WORK ORDER »
Every line of the data below is to be given again as it appears, with the images removed.

STORED DATA »

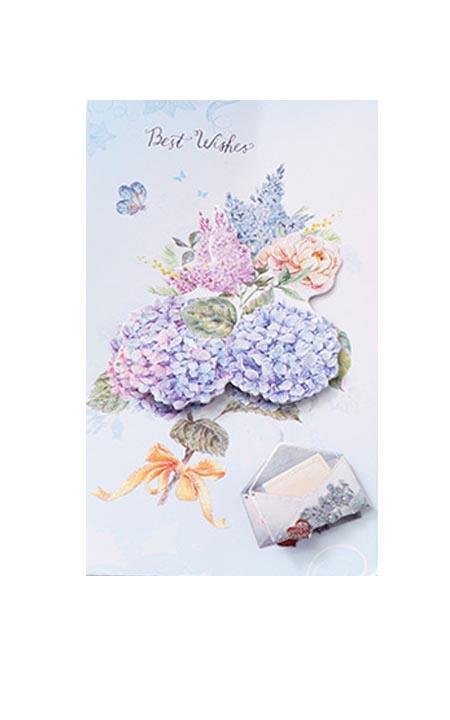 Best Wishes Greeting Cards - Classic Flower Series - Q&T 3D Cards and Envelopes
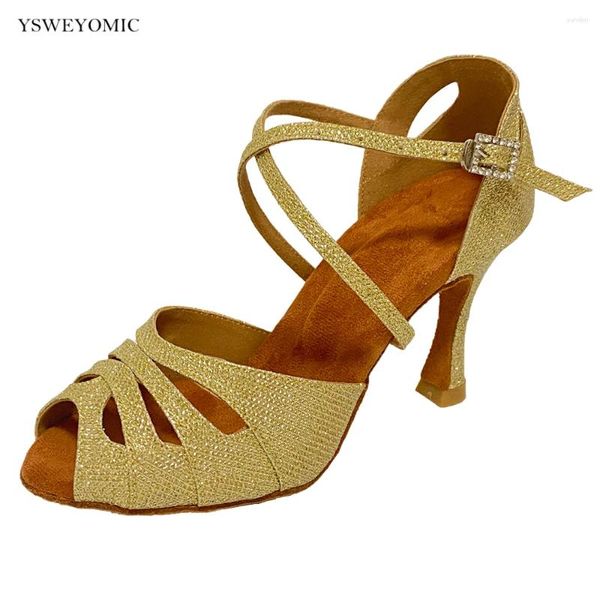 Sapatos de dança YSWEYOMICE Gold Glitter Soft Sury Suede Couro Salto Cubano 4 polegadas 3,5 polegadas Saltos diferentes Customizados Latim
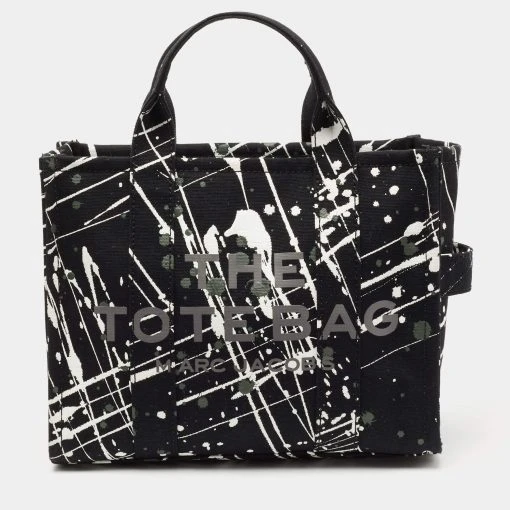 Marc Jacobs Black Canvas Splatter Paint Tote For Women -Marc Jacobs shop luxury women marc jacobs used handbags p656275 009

SOLUTION »
 Best Wishes Greeting Cards - Classic Flower Series - Q&T 3D Cards and Envelopes
 Sapatos de dança YSWEYOMICE Gold Glitter Soft Sury Suede Couro Salto Cubano 4 polegadas 3,5 polegadas Saltos diferentes Customizados Latim
 Marc Jacobs Black Canvas Splatter Paint Tote For Women -Marc Jacobs shop luxury women marc jacobs used handbags p656275 009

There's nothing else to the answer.